“Oggi è un giorno speciale: la comunità ravellese festeggia il Beato Bonaventura nella ricorrenza della nascita nella sua città”.
Queste le parole rivolte dal sindaco di Ravello, Paolo Vuilleumier, al sindaco di Potenza, Vito Santarsiero, al termine della messa celebrata questa mattina nella chiesa di Malvaccaro, in occasione dell’anniversario della nascita del Beato Bonaventura, nato nel capoluogo lucano e le cui spoglie riposano nella chiesa di San Francesco, nella cittadina costiera.
Ad accogliere la delegazione ravellese, composta dal primo cittadino, dall’assessore Nicola Fiore, dai consiglieri Daniele Cioffi, Pasqualino Civale, Paola Mansi e Vincenzo Scala e da circa settanta fedeli, è stata una rappresentanza dell’amministrazione comunale di Potenza. Oltre al sindaco Santarsiero, erano presenti il vice sindaco Pietro Campagna, l’assessore Antonio Pesarini e il vice presidente del consiglio comunale, Salvatore Lacerra.
“La visita di oggi ha un triplice significato – ha aggiunto Vuilleumier – di promessa, di devozione e di augurio. Oggi la comunità ravellese compie il gesto di questo dono simbolico ma pieno di significati a testimonianza dell’amore e della devozione verso il Beato Bonaventura, e dell’impegno a prendere esempio dalla sua vita spesa a servizio dei più deboli e dei più bisognosi, con l’augurio che le nostre preghiere rivolte al Signore dinanzi alle lampade votive, possano affrettare la gloria della canonizzazione”.

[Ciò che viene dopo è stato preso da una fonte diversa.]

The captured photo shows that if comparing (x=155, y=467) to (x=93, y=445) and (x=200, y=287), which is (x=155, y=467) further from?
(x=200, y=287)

Poi l’augurio che “l’anno che inizia sia ricco di soddisfazioni, di gioia e serenità per tutti noi ma soprattutto sappiamo essere capaci di seguire l’esempio del Bonventura condividendole con i più deboli e i più bisognosi”.
Vuilleumier ha infine ricordato le tappe che hanno condotto, lo scorso anno, a sancire il gemellaggio tra Potenza e Ravello. Dal lontano 10 agosto 1958, quando una rappresentanza della Città di Potenza si recò a Ravello per donare una lampada votiva alla tomba del Beato al 2006, con la peregrinatio dei resti mortali del Beato Bonaventura nella sua città natale, al 2013 quando la Città di Ravello ha compiuto lo stesso gesto di riconoscente affetto e devozione recandosi nella Chiesa di Malvaccaro, con una preziosa lampada votiva eseguita dall’artigiano ravellese Tonino Esposito, che arde dinanzi all’immagine del Beato.
“Con il gemellaggio istituzionale siglato nel 2013 – ha aggiunto Vuilleumier – si è concluso un primo percorso che sarà seguito da nuovi progetti già a partire da quest’anno”.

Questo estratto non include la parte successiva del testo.